These mildly hyperglycaemic mice with blood glucose concentrations of 15.82±2.28 mmol/l (n=8) showed a reduction in blood glucose concentrations after treatment with EGF- and gastrin-filled pumps. By day 11 after alloxan treatment blood glucose concentrations were significantly reduced to a mean value of 7.88±0.94 mmol/l (p<0.01) and on the day these mice were killed (day 15 after alloxan treatment) blood glucose concentrations were 9.10±0.94 mmol/l (p<0.01). At day 15, histological analysis showed that the insulin immunoreactive area was 0.26±0.08%, whereas in alloxan-only mice at day 8 the value was 0.09±0.01% (p<0.05). Islet density was 2.6±0.8 per 10 mm2 in the alloxan + pump** group versus 0.4±0.1 per 10 mm2 in the alloxan-only group (p<0.01). Pancreatic insulin content was significantly higher in the former (p<0.01; 52.5±14.2% of control pancreata), whereas it was reduced to 8±2% in alloxan-only mice analysed on day 8.
Effects of EGF + gastrin therapy on pancreatic cell proliferation and neogenesis of insulin-producing cells
We did not detect differences in the BrdU labelling index of insulin positive-cells between the alloxan + pump group (0.2±0.1%, n=5) and the control mice (0.2±0.1%, n=5). The beta cell count was insufficient in the alloxan-only group, because most beta cells had been destroyed. However, the BrdU labelling index of exocrine duct cells was higher in the alloxan + pump group (1.5±0.1%, n=8) than in the alloxan-only group (0.4±0.1%, n=10; p<0.01). The value in the alloxan-only group was also higher than in control mice (0.2±0.1%, n=5; p<0.05). In the pump-only group, the duct-labelling index was also increased (1.5±0.4%, n=5; p<0.01) and comparable to the alloxan + pump group. We noted regional differences in the proliferative response of the duct cells, and that in some pancreatic lobes the response was higher than in others. In control mice no regional differences were observed.
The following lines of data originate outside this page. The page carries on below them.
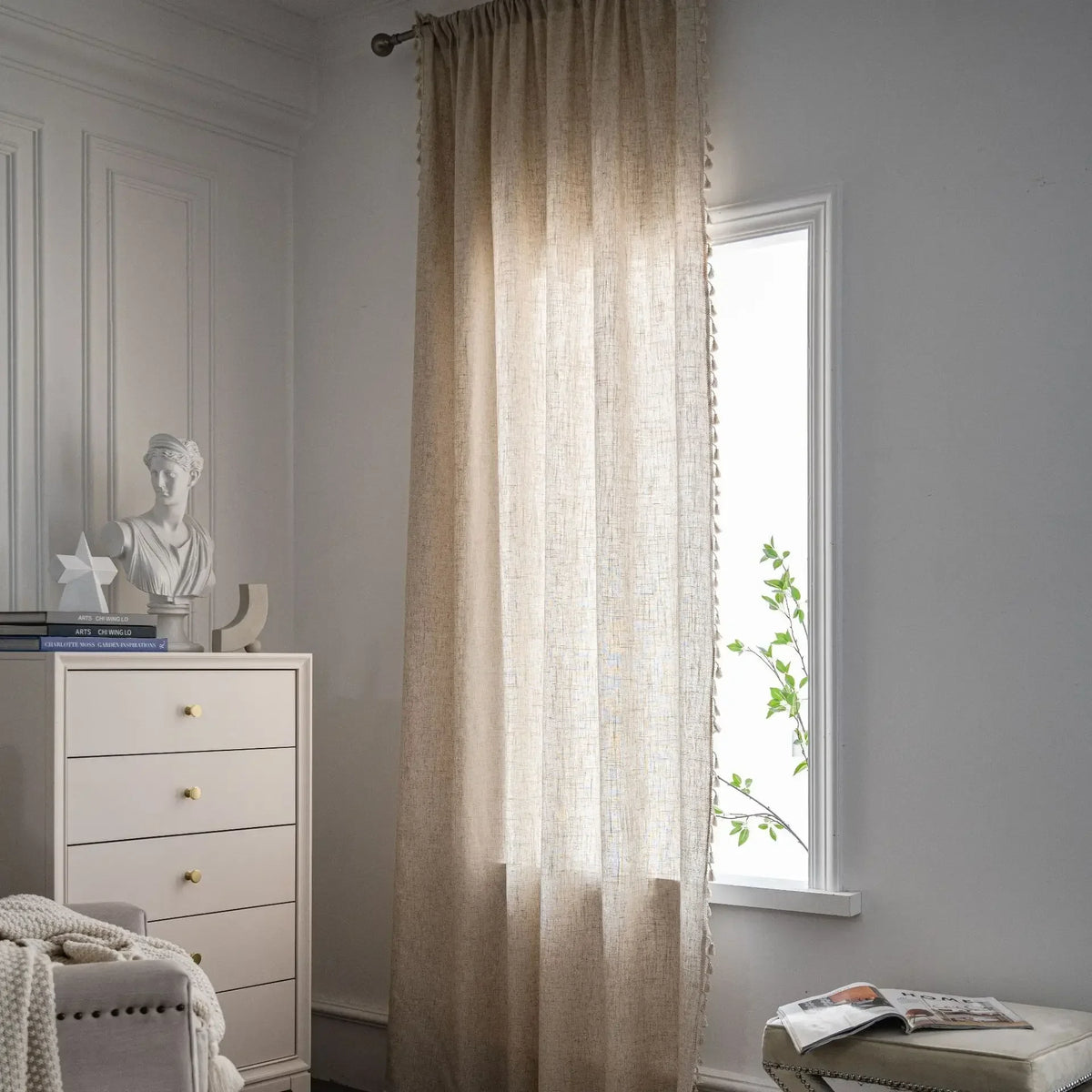 Vintage Farmhouse Bohemian Semi-Sheer Curtain Panel – Linen-Textured with Hollow Crochet & Fringe Tassels | CD1025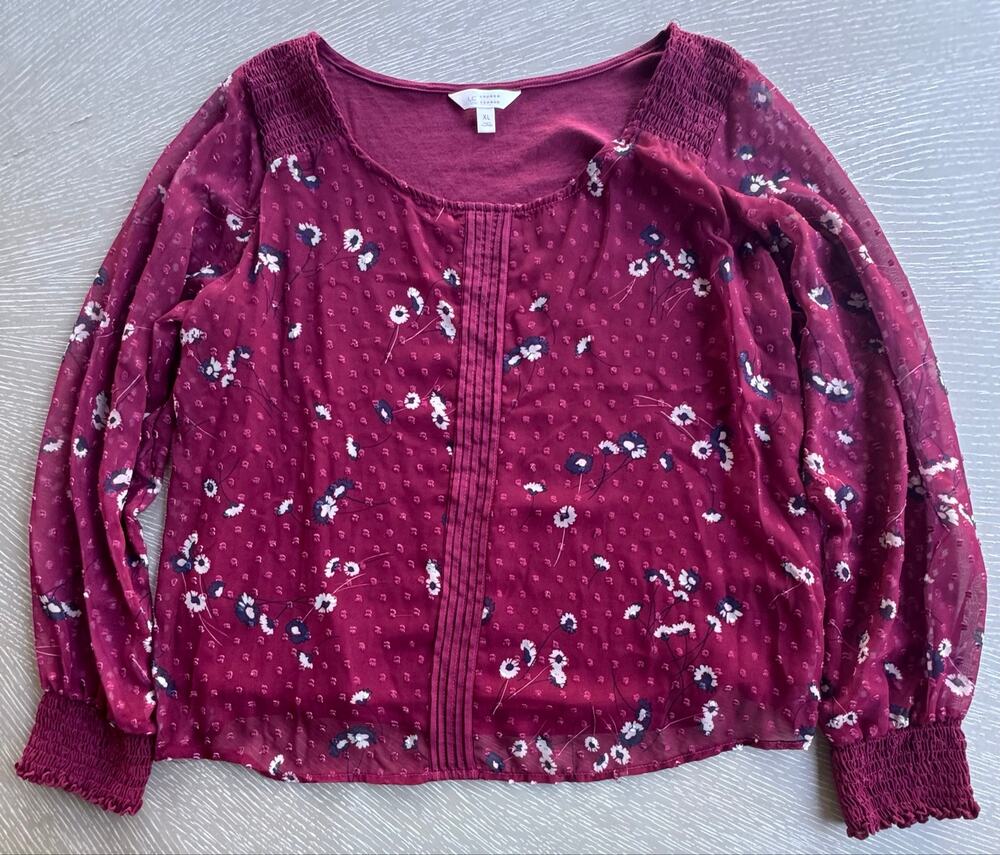 LC Lauren Conrad Burgundy Floral Swiss Dot Sheer Sleeve Blouse Top XL Romantic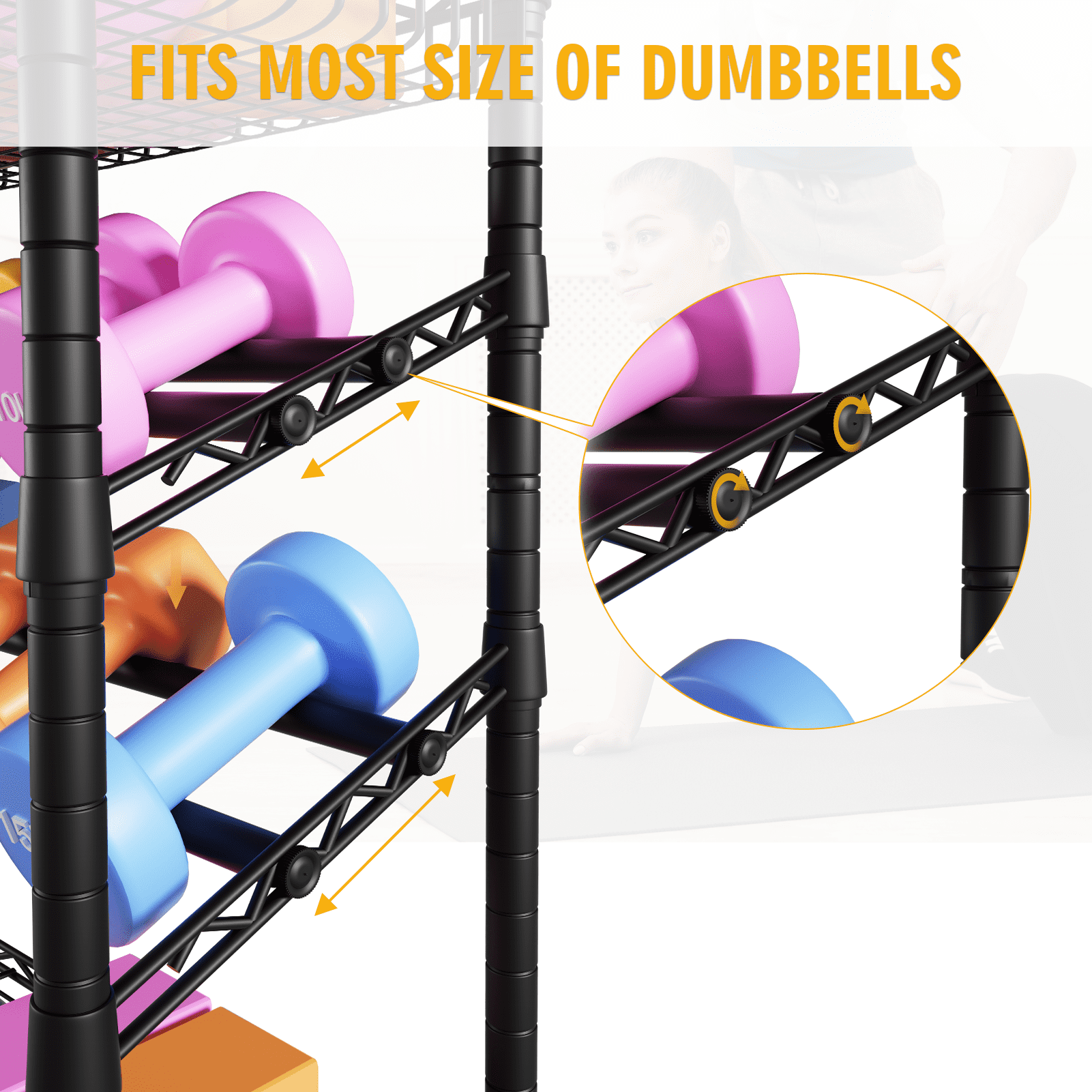 FUTASSI Dumbbell Rack, 4 Tier Steel Multi-Purpose Home Gym Storage 11.8" W x 23.6" D x 48.6" H, for Dumbbells, Kettlebells, Barbell and Yoga Mat, Black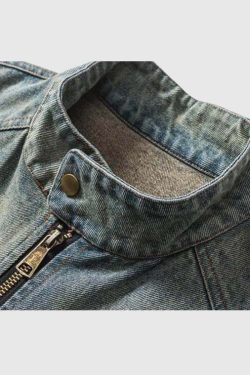 Style Core Aesthetics, New Style Trends Vintage Embroidered Denim Jacket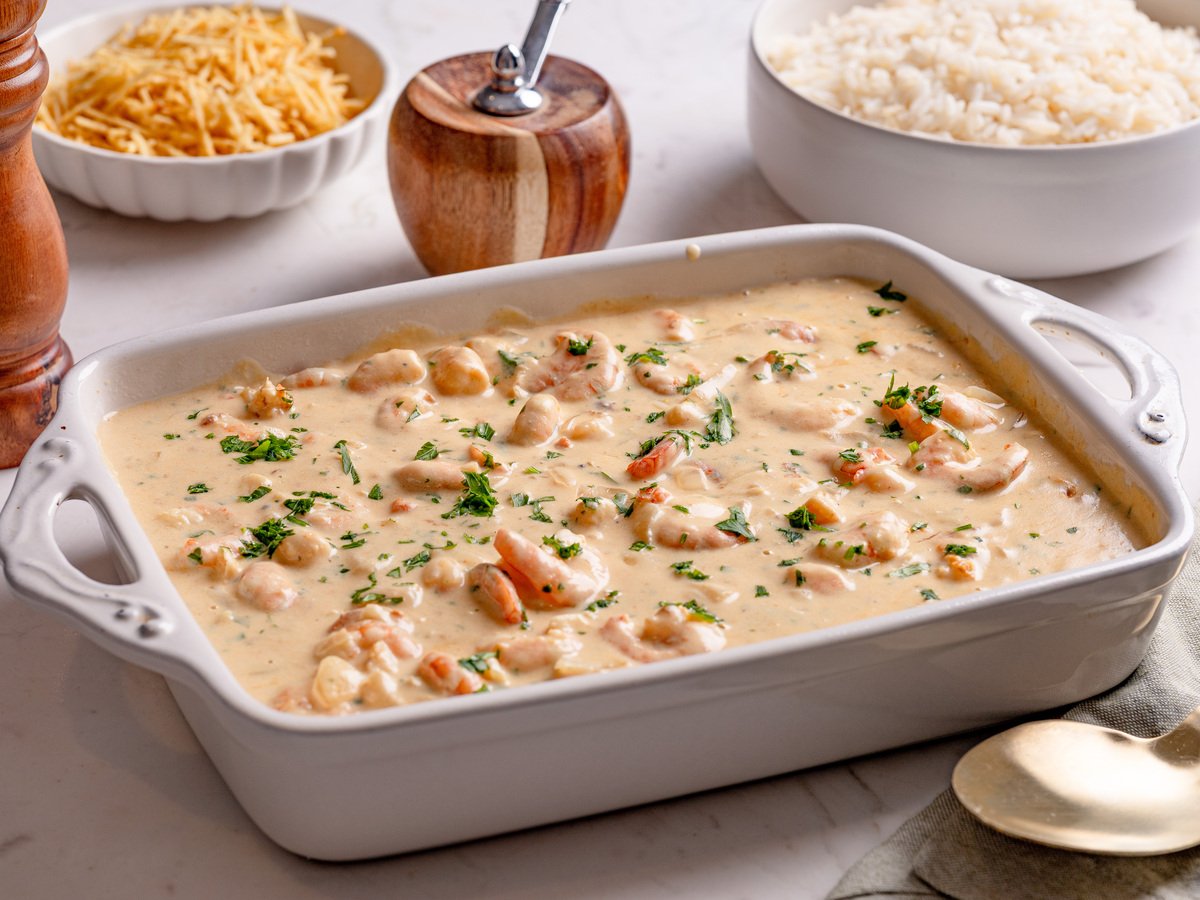 Strogonoff de camarão cremoso
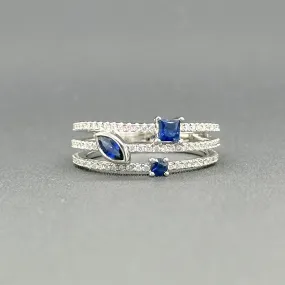 Estate 14K W Gold 0.48ctw Diamond and 0.46ctw Sapphire Ring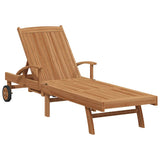 Sun lounger Folding Brown 195 x 59 x 78.5 cm Solid Teak Wood 42008012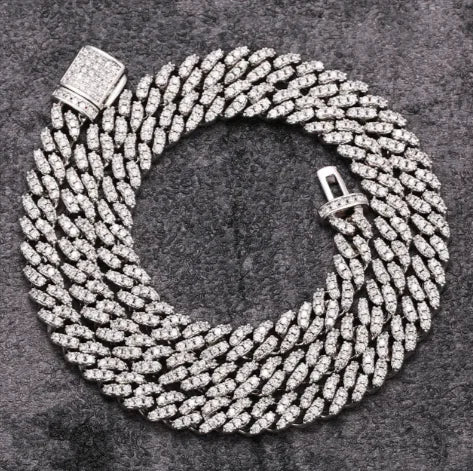 S925 Sterling Silver 6mm Micro-set AAA CZ Diamond Cuban Link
We identified cells that were double-positive for duct-type cytokeratin and insulin in the larger ducts, however at a low frequency. These were also seen in the control mice. In contrast, we frequently observed cells co-expressing cytokeratins and insulin in alloxan + pump mice, especially after 4 days (Fig. 5). In pancreata in the control group and in the alloxan + pump group when analysed at day 4 and day 8 respectively 3%, 65% and 35% of the islets contained insulin-positive cells co-expressing cytokeratin. Of all insulin-positive cells 1%, 65% and 4% respectively showed co-expression with cytokeratin. Co-expression was found in islets, in single cells and in ducts. These endocrine cells also expressed high levels of transcription factor Pdx-1 and GLUT-2. In the alloxan + pump group we also often encountered close associations between insulin-expressing islets and cytokeratin-positive ducts.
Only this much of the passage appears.